[Crawled caption data]

^^^^^^^^

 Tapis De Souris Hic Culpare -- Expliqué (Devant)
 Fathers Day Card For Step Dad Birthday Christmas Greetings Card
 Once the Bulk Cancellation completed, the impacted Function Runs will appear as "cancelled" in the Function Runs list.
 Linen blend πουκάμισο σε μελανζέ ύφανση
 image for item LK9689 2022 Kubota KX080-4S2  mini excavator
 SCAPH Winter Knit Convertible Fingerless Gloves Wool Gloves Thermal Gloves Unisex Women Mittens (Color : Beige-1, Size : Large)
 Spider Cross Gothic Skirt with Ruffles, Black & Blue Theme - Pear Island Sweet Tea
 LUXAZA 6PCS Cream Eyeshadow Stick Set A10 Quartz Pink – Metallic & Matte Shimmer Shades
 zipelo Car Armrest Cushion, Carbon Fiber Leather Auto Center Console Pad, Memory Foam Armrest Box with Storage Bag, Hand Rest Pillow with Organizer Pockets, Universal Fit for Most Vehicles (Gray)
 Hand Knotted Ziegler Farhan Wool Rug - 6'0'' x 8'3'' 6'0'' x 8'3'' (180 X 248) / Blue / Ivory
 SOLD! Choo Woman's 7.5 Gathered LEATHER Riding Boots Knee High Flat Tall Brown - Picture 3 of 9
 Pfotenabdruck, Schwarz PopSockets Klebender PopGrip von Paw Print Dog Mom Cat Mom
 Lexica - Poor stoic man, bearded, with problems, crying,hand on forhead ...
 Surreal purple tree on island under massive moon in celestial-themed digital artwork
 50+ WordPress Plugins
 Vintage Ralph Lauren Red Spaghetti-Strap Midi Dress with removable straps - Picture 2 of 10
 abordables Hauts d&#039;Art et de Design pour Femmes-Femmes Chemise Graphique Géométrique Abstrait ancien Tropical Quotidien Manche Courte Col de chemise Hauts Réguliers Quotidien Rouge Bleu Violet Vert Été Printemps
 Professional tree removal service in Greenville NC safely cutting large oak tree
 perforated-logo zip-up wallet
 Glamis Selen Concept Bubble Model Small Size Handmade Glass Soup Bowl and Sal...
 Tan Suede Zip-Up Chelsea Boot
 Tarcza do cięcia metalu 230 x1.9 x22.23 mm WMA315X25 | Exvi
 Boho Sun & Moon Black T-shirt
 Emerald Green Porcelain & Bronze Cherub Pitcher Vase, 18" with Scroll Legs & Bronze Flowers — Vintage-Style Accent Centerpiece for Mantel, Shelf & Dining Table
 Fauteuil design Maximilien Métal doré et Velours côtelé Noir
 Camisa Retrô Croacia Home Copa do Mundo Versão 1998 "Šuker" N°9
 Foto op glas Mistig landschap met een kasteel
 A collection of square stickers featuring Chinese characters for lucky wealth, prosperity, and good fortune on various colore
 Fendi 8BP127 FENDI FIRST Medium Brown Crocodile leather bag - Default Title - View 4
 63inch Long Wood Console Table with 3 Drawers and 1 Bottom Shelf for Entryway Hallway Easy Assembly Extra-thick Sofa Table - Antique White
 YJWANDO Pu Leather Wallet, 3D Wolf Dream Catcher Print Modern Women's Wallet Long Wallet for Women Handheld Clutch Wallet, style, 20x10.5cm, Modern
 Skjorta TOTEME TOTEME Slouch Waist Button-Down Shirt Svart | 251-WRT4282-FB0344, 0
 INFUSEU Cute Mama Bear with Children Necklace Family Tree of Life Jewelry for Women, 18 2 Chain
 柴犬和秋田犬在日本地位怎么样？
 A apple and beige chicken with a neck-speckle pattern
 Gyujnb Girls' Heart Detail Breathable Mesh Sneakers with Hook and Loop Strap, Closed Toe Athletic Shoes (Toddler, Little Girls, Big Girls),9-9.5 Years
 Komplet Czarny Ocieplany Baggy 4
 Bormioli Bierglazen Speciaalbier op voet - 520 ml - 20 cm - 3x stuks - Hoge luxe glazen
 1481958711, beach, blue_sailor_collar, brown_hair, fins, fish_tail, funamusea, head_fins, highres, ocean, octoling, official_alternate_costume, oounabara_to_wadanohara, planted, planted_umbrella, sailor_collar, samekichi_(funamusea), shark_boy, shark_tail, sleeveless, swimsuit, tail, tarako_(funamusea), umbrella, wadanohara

^^^^^^^^

- GOAL OF THE EXERCISE -
This task calls for every entry above to be transcribed exactly.

- ANSWER TO THIS PROBLEM -
 Tapis De Souris Hic Culpare -- Expliqué (Devant)
 Fathers Day Card For Step Dad Birthday Christmas Greetings Card
 Once the Bulk Cancellation completed, the impacted Function Runs will appear as "cancelled" in the Function Runs list.
 Linen blend πουκάμισο σε μελανζέ ύφανση
 image for item LK9689 2022 Kubota KX080-4S2  mini excavator
 SCAPH Winter Knit Convertible Fingerless Gloves Wool Gloves Thermal Gloves Unisex Women Mittens (Color : Beige-1, Size : Large)
 Spider Cross Gothic Skirt with Ruffles, Black & Blue Theme - Pear Island Sweet Tea
 LUXAZA 6PCS Cream Eyeshadow Stick Set A10 Quartz Pink – Metallic & Matte Shimmer Shades
 zipelo Car Armrest Cushion, Carbon Fiber Leather Auto Center Console Pad, Memory Foam Armrest Box with Storage Bag, Hand Rest Pillow with Organizer Pockets, Universal Fit for Most Vehicles (Gray)
 Hand Knotted Ziegler Farhan Wool Rug - 6'0'' x 8'3'' 6'0'' x 8'3'' (180 X 248) / Blue / Ivory
 SOLD! Choo Woman's 7.5 Gathered LEATHER Riding Boots Knee High Flat Tall Brown - Picture 3 of 9
 Pfotenabdruck, Schwarz PopSockets Klebender PopGrip von Paw Print Dog Mom Cat Mom
 Lexica - Poor stoic man, bearded, with problems, crying,hand on forhead ...
 Surreal purple tree on island under massive moon in celestial-themed digital artwork
 50+ WordPress Plugins
 Vintage Ralph Lauren Red Spaghetti-Strap Midi Dress with removable straps - Picture 2 of 10
 abordables Hauts d&#039;Art et de Design pour Femmes-Femmes Chemise Graphique Géométrique Abstrait ancien Tropical Quotidien Manche Courte Col de chemise Hauts Réguliers Quotidien Rouge Bleu Violet Vert Été Printemps
 Professional tree removal service in Greenville NC safely cutting large oak tree
 perforated-logo zip-up wallet
 Glamis Selen Concept Bubble Model Small Size Handmade Glass Soup Bowl and Sal...
 Tan Suede Zip-Up Chelsea Boot
 Tarcza do cięcia metalu 230 x1.9 x22.23 mm WMA315X25 | Exvi
 Boho Sun & Moon Black T-shirt
 Emerald Green Porcelain & Bronze Cherub Pitcher Vase, 18" with Scroll Legs & Bronze Flowers — Vintage-Style Accent Centerpiece for Mantel, Shelf & Dining Table
 Fauteuil design Maximilien Métal doré et Velours côtelé Noir
 Camisa Retrô Croacia Home Copa do Mundo Versão 1998 "Šuker" N°9
 Foto op glas Mistig landschap met een kasteel
 A collection of square stickers featuring Chinese characters for lucky wealth, prosperity, and good fortune on various colore
 Fendi 8BP127 FENDI FIRST Medium Brown Crocodile leather bag - Default Title - View 4
 63inch Long Wood Console Table with 3 Drawers and 1 Bottom Shelf for Entryway Hallway Easy Assembly Extra-thick Sofa Table - Antique White
 YJWANDO Pu Leather Wallet, 3D Wolf Dream Catcher Print Modern Women's Wallet Long Wallet for Women Handheld Clutch Wallet, style, 20x10.5cm, Modern
 Skjorta TOTEME TOTEME Slouch Waist Button-Down Shirt Svart | 251-WRT4282-FB0344, 0
 INFUSEU Cute Mama Bear with Children Necklace Family Tree of Life Jewelry for Women, 18 2 Chain
 柴犬和秋田犬在日本地位怎么样？
 A apple and beige chicken with a neck-speckle pattern
 Gyujnb Girls' Heart Detail Breathable Mesh Sneakers with Hook and Loop Strap, Closed Toe Athletic Shoes (Toddler, Little Girls, Big Girls),9-9.5 Years
 Komplet Czarny Ocieplany Baggy 4
 Bormioli Bierglazen Speciaalbier op voet - 520 ml - 20 cm - 3x stuks - Hoge luxe glazen
 1481958711, beach, blue_sailor_collar, brown_hair, fins, fish_tail, funamusea, head_fins, highres, ocean, octoling, official_alternate_costume, oounabara_to_wadanohara, planted, planted_umbrella, sailor_collar, samekichi_(funamusea), shark_boy, shark_tail, sleeveless, swimsuit, tail, tarako_(funamusea), umbrella, wadanohara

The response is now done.